In the 2024 season, Edwards started all 17 games and recorded 129 tackles during the season. While playing the Tennessee Titans in Week 1, Edwards tied a single-game career-high with 15 tackles and was tied for first in the league in tackles.

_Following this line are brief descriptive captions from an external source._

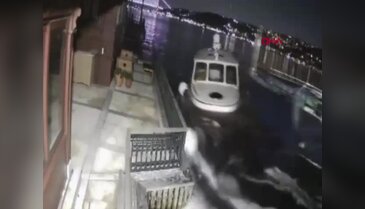 Üsküdar'da yolcu vapuru yalıya ve tekneye çarptı: Korku dolu anlar kamerada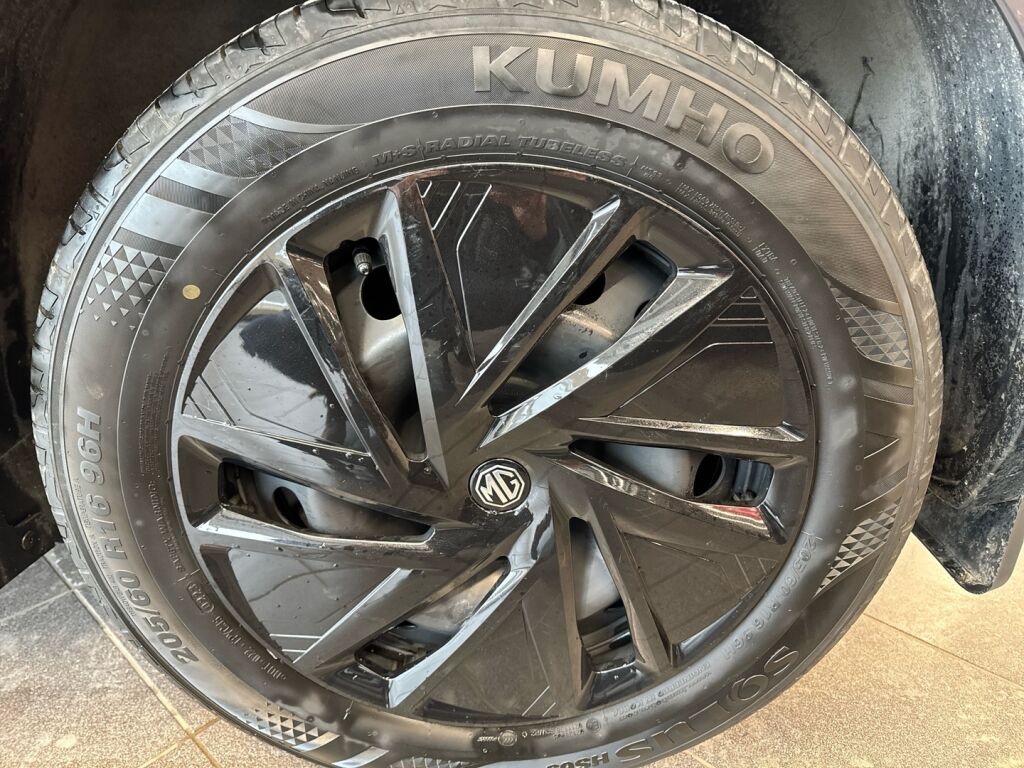 Mg MG4 2023 met.harmaa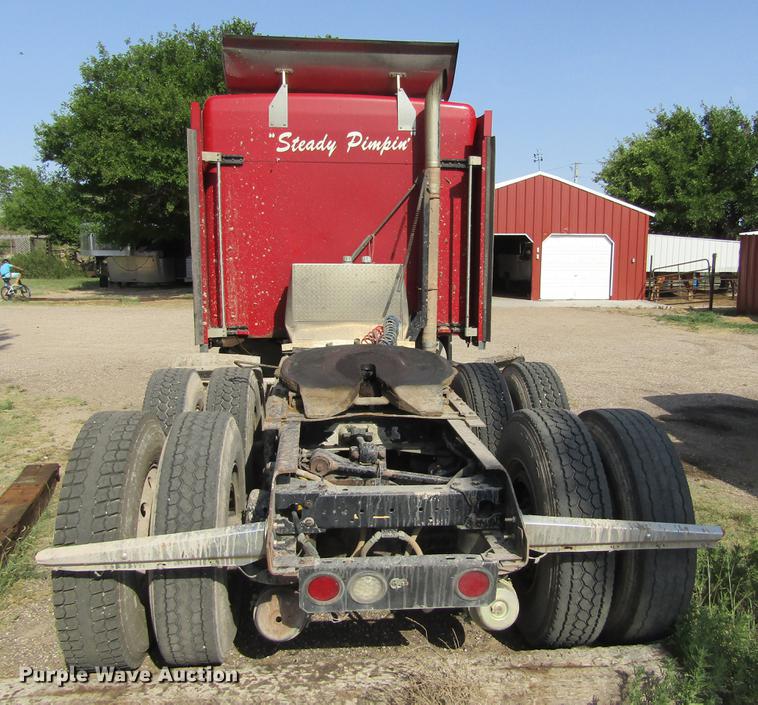 image for item DD5765 1997 Kenworth T600 semi truck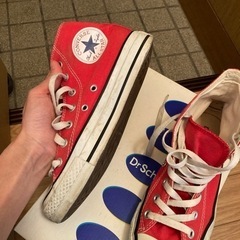 converse スニーカー　赤の画像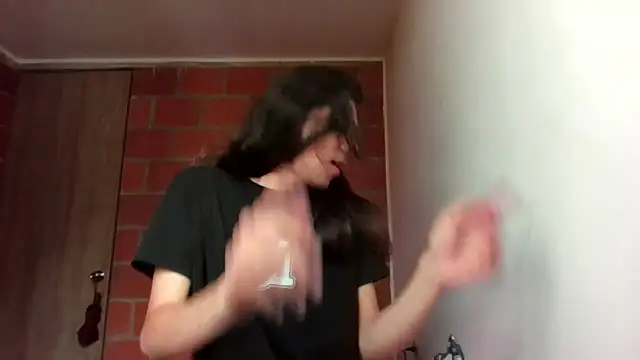 dussan online show from 10-04-25, 02:40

On April 16, 2025, Edwards and the Bears agreed to a two-year, $20 million contract extension. On November 8, head coach Ben Johnson announced that Edwards had undergone surgery to repair a broken hand; he ultimately missed four contests as a result of the injury. In Week 17 against the San Francisco 49ers, Edwards intercepted Brock Purdy's first pass attempt of the game, returning it 34 yards for a touchdown. Edwards fractured his fibula in the Bears' wild card win, ending his season.

==NFL career statistics==

Legend
| Bold | Career high |

===Regular season===

Year: Team; Games; Tackles; Fumbles; Interceptions
GP: GS; Cmb; Solo; Ast; Sck; TFL; FF; FR; Yds; TD; Int; Yds; Avg; Lng; TD; PD
2019: PHI; 16; 4; 30; 15; 15; 0.0; 0; 0; 0; 0; 0; 0; 0; 0.0; 0; 0; 0
2020: PHI; 12; 12; 70; 37; 33; 2.0; 5; 2; 0; 0; 0; 1; 13; 13.0; 13; 0; 1
2021: PHI; 16; 14; 130; 64; 66; 1.0; 5; 0; 1; 0; 0; 1; 1; 1.0; 1; 0; 5
2022: PHI; 17; 17; 159; 99; 60; 2.0; 10; 0; 1; 0; 0; 0; 0; 0.0; 0; 0; 7
2023: CHI; 17; 17; 155; 91; 64; 2.5; 8; 1; 2; 0; 0; 3; 4; 1.3; 2; 0; 7
2024: CHI; 17; 17; 129; 79; 50; 4.0; 12; 1; 2; 0; 0; 1; 0; 0; 0; 0; 3
2025: CHI; 10; 10; 67; 33; 34; 0.5; 2; 0; 0; 0; 0; 1; 34; 34.0; 34; 1; 5
2026: CHI; 2; 2; 5; 2; 3; 0.0; 0; 0; 0; 0; 0; 0; 0; 0.0; 0; 0; 0
Career: 107; 93; 745; 420; 325; 12.0; 42; 4; 6; 0; 0; 7; 52; 51.4; 34; 1; 28

===Postseason===

Year: Team; Games; Tackles; Fumbles; Interceptions
GP: GS; Cmb; Solo; Ast; Sck; TFL; FF; FR; Yds; TD; Int; Yds; Avg; Lng; TD; PD
2019: PHI; 1; 0; 2; 2; 0; 0.0; 0; 0; 0; 0; 0; 0; 0; 0.0; 0; 0; 0
2021: PHI; 1; 1; 6; 4; 2; 0.0; 0; 0; 0; 0; 0; 0; 0; 0.0; 0; 0; 0
2022: PHI; 3; 3; 13; 10; 3; 0.0; 0; 0; 0; 0; 0; 0; 0; 0.0; 0; 0; 1
2025: CHI; 1; 1; 0; 0; 0; 0.0; 0; 0; 0; 0; 0; 0; 0; 0.0; 0; 0; 0
Career: 6; 5; 21; 16; 5; 0.0; 0; 0; 0; 0; 0; 0; 0; 0.0; 0; 0; 1

==Personal life==
Edwards is a Christian. He got engaged to his girlfriend Kelly Jo in January 2022. They got married in March 2023 at Pueblo Bonito Pacifica, Cabo San Lucas.